Statement

The Life of a Norwegian Pioneer

One brother in South Dakota and one in Norway share their lives through letters.

HUMANITIES, May/June 2012, Volume 33, Number 3

“Dear unforgettable brother Knut A. Stavig . . . America is good for everyone,” wrote Lars Stavig in 1881 from Minnesota to his half brother in Norway. Five years earlier, Lars, his wife Maren, and their three young sons had left their small farm and fishing life in Romsdal, Norway, to make a new life on the prairie.

The brothers exchanged more than 150 letters across the ocean, sharing their successes, failures, faith, and sorrows. The rare back-and-forth record covering more than fifty years has left side-by-side portraits of the American immigrant and the life he left behind in the old country. “This is the most unique collection in Norway,” says scholar Rasmus Sunde about the Stavig letters. “We have lots of letters from America to Norway, but we have very few of both sides of the Atlantic, and only for a few years.”

The correspondence was uncovered by Lars’s grandson, Harold Torness, who heard about the letters while visiting relatives in Norway, and then discovered the other half stored in a garage in California. After having them translated (all were written in Norwegian), Torness believed he had something special, something that could resonate with other people. And it did. What started as just one family’s story has grown into a readers’ theater performed over fifty times in three states and a documentary (both supported by the South Dakota Humanities Council), a house museum, a book in Norwegian, and an upcoming book from the South Dakota State Historical Society Press. The documentary was recently awarded a Regional Emmy for historical documentary from the Upper Midwest Chapter of the National Academy of Television Arts & Sciences.

Lars settled in South Dakota. His homestead grew, as did his family, and he listed his acquisitions proudly to his brother, reporting that he had thirty cows, fourteen horses, and twenty-six chickens at one point. Knut asked, “What use is the milk you get from so many cows?”

Lars often had advice for his brother, telling him to come to America or to settle down. “Don’t let the devil rule over you. Find yourself a woman, Knut Stavig,” he wrote. Knut offered his own wisdom: “Don’t let the savior’s blood run in vain for us,” he urged his brother, frequently concerned for Lars’s soul.

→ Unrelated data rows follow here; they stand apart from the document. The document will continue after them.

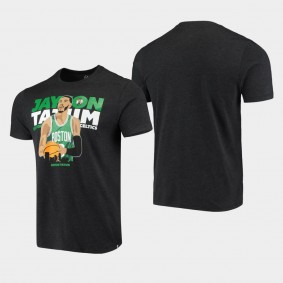 Boston Celtics Jayson Tatum Player Graphic Heathered Black T-Shirt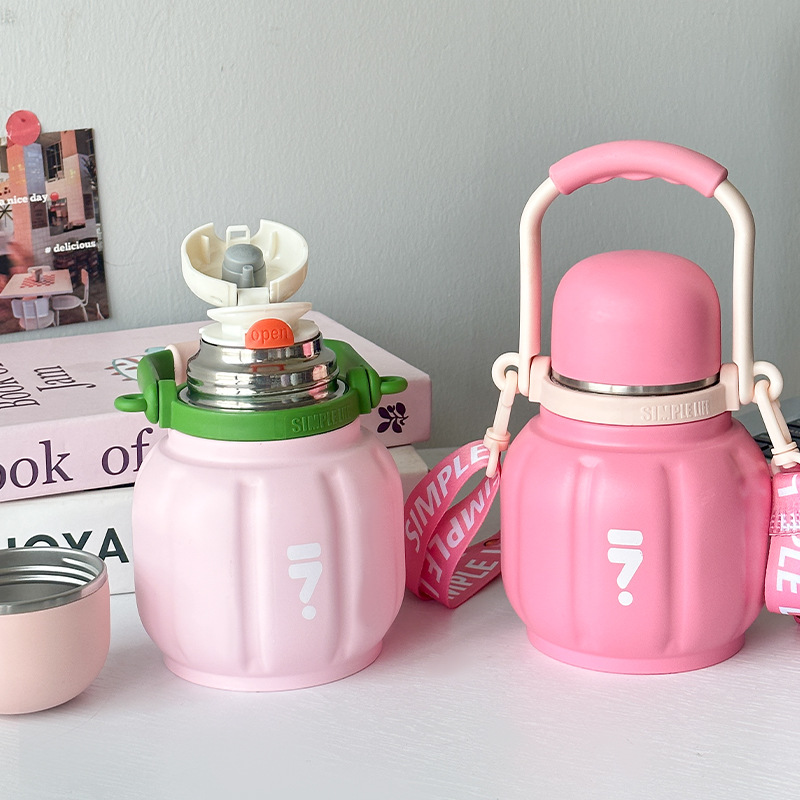 新款网红南瓜杯大肚手提便携保温杯迷你可爱大容量保温杯大肚杯细节图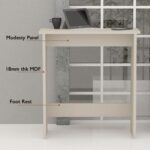 Mahmayi Modern Study Desk with Foot Rest Support, Modern Executive Desks Ideal for Office, Home, Schools, Laptop, Computer Workstation Table - Light Grey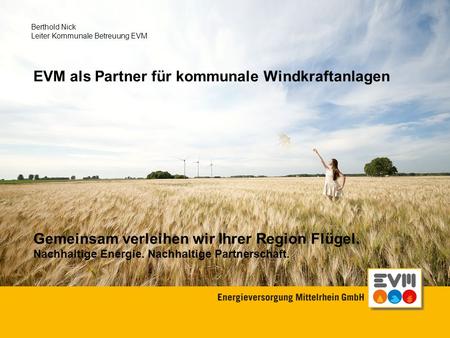EVM als Partner für kommunale Windkraftanlagen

The possibilities and progress of farming in America thrilled Lars. When new threshing machines came into use, he told Knut that threshing time was “like a big wedding except we don’t use whiskey.” Lars lived to see electricity, indoor plumbing, and cars become standard amenities, and to see world politics hit the prairie. “What sad times we are living in,” he wrote in 1917. “A large company of soldiers left from our town. They are our young sons. We follow them to the train as if we are a funeral procession. Then we old people are left behind.”

Lars’s experience makes for a classic immigrant story. He establishes a successful farm, his children go off and become educated and then find spouses and their own successes: The three oldest sons come to own the largest general store in the upper Midwest. The American Stavigs are so affluent they send money to help their Norwegian relative during hard times following his wife’s death.

America is good to Lars, until 1908 when his own wife dies. He moves into his son’s house in town, and there becomes despondent and lonely. “Everything is going well, and then Lars suffers from being human,” says Wayne Knutson, a retired professor of English and theater at the University of South Dakota, who crafted the readers’ theater adaptation. Knutson culled through the letters, setting ground rules to ensure authenticity, but allowing himself the freedom to skip around chronologically and pick and choose the parts of the letters that worked best dramatically.

“The dramatic issue,” says Knutson, “was that suddenly, after all the successes and celebration of being in this country, he found himself over sixty, his wife dies, the children have all left, and he’s alone. Where he loved his language, the Norwegian language, the grandchildren are no longer speaking it. An alienation sets in.” Lars, who had once announced, “I am now a stranger to all things at home in Norway,” soon finds himself writing, “Memories of my childhood and youth will follow me to the grave.”

In the documentary, we see the older Lars, living in a room of his son Peter’s house, looking out an ice-encrusted window onto the prairie. If you squint, you’re not sure if it is grass or ocean swells undulating in the wind. Perhaps Lars was reminded of the similarity when he wrote, “I don’t believe anyone can understand me. The world reminds me of a frothing sea, which can turn us in any direction.”

Lars died in 1933, at the age of ninety; Knut lived until he was ninety-nine, passing away in 1950. Because of their letters, their descendants—such as Lars’s grandson who portrays him in the film and great-granddaughter Jane Rasmussen, who plays the narrator on stage—have an insight into the lives of these men and their universal stories. When Knutson played Lars on stage for many years, he would ask audiences afterward to look for their own families’ letters, and to “put something to paper. There is nothing quite so lasting as these old letters. We owe it to the next generation.”